On the other hand, where the relevant person is a customer of the direct marketer, the Act follows what is referred to as an “opt out” approach, in terms of which the direct marketer must give the relevant customer the opportunity to object to the processing of his/her personal information. In this situation, the direct marketer may only send a direct marketing communication to the customer if:
- the direct marketer obtained the customer’s contact details in the context of the sale of a product or service;
- such contact details were obtained for the purpose of direct marketing in relation to the direct marketer’s own products or services that are of a similar nature; and
- the customer is provided with a reasonable opportunity to object to the processing of his personal information.
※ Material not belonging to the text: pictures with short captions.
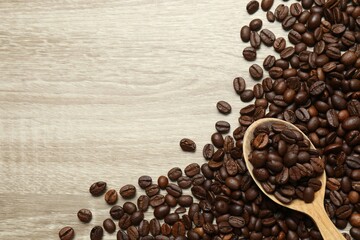 Coffee beans in a spoon on wooden background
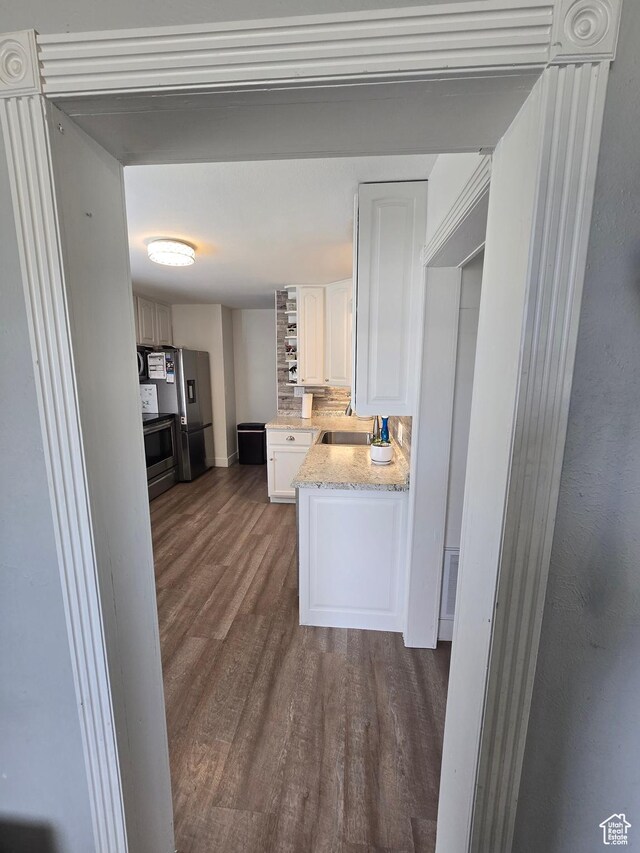 1191 N Geneva Rd, Provo, UT 84601 - kitchen with appliances with stainless steel finishes, dark wood-type flooring, white cabinetry, baseboards, and light stone counters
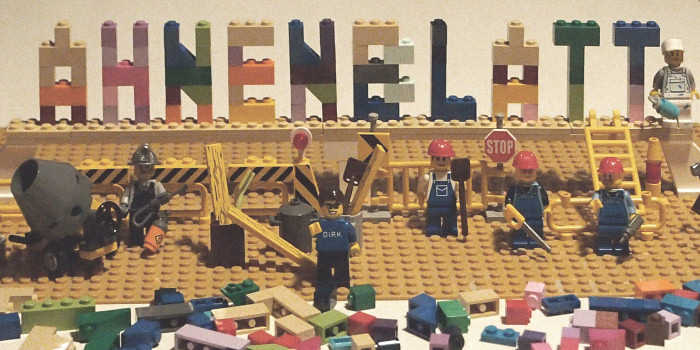 LEGO-Nachbau des Ahnenblatt-Logos mit Bauarbeitern und Baustelle, kreative Produktillustration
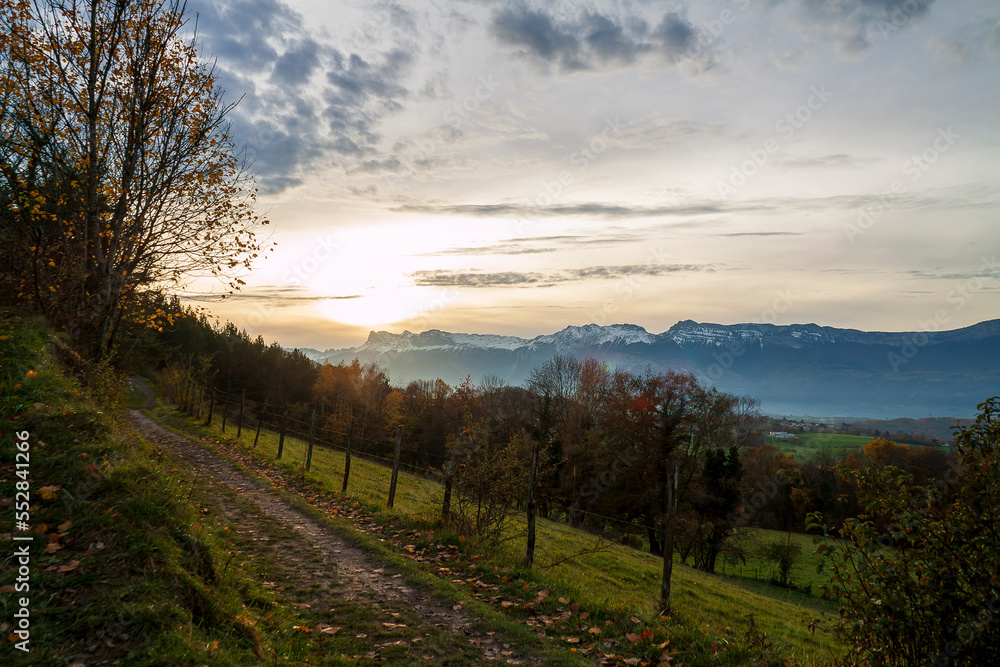 Uriage les Bains, Isere, Rhone-Alpes, France, 27 11 2022 sun setting over snowy mountains, silhouette of trees, rural landscape, countryside scenery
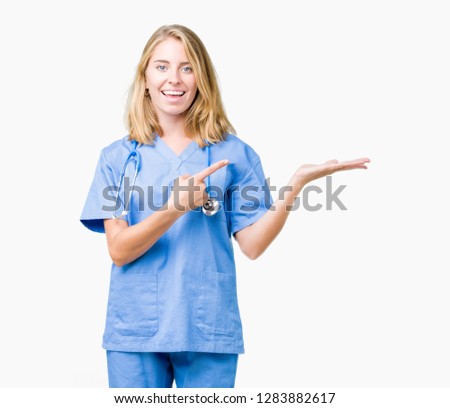 Beautiful young doctor woman wearing medical uniform over isolated background amazed and smiling to the camera while presenting with hand and pointing with finger.
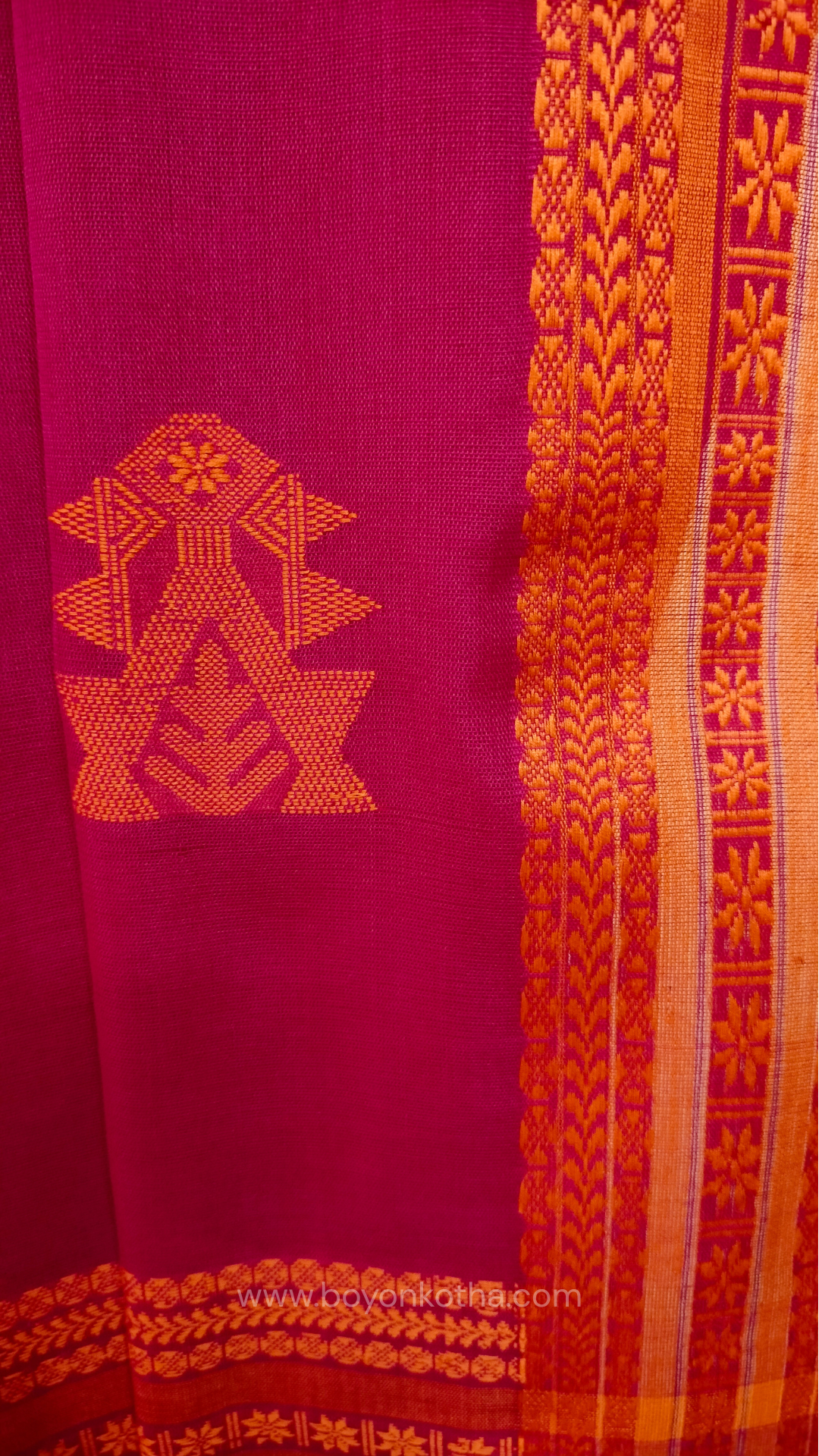 Rani Pink handwoven mercerized cotton saree with Manipuri-inspired thread work pattern in orange. Durable, breathable Bengal handloom saree for festive wear.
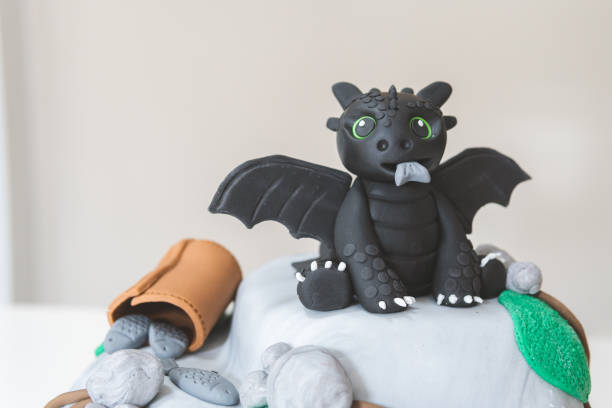 istock Black dragon eating fish on a rocky outcrop specialty cake 1008655970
In this regard, the opportunity to object should be provided to the customer at the time when the personal information is collected and, if the customer has not objected to this at the time of collection, the direct marketer must provide such opportunity on every occasion when a direct marketing communication is sent to the customer.
The direct marketer will also have to comply with a general condition (regardless of whether the relevant party is the direct marketer’s customer or not) before it sends a data subject a direct marketing communication: in terms of s69(4) of the Act, any direct marking communication must contain:
- details of the direct marketer; and
- an address or other contact details to which the relevant data subject (recipient) may send an objection to the processing of his personal information.
Under certain circumstances where a direct marketer does infringe POPIA, the affected data subject can lodge a complaint with the Information Regulator or institute a civil claim for damages, which may ultimately lead to the imposition of a hefty fine, imprisonment and/or civil liability for violating the Act.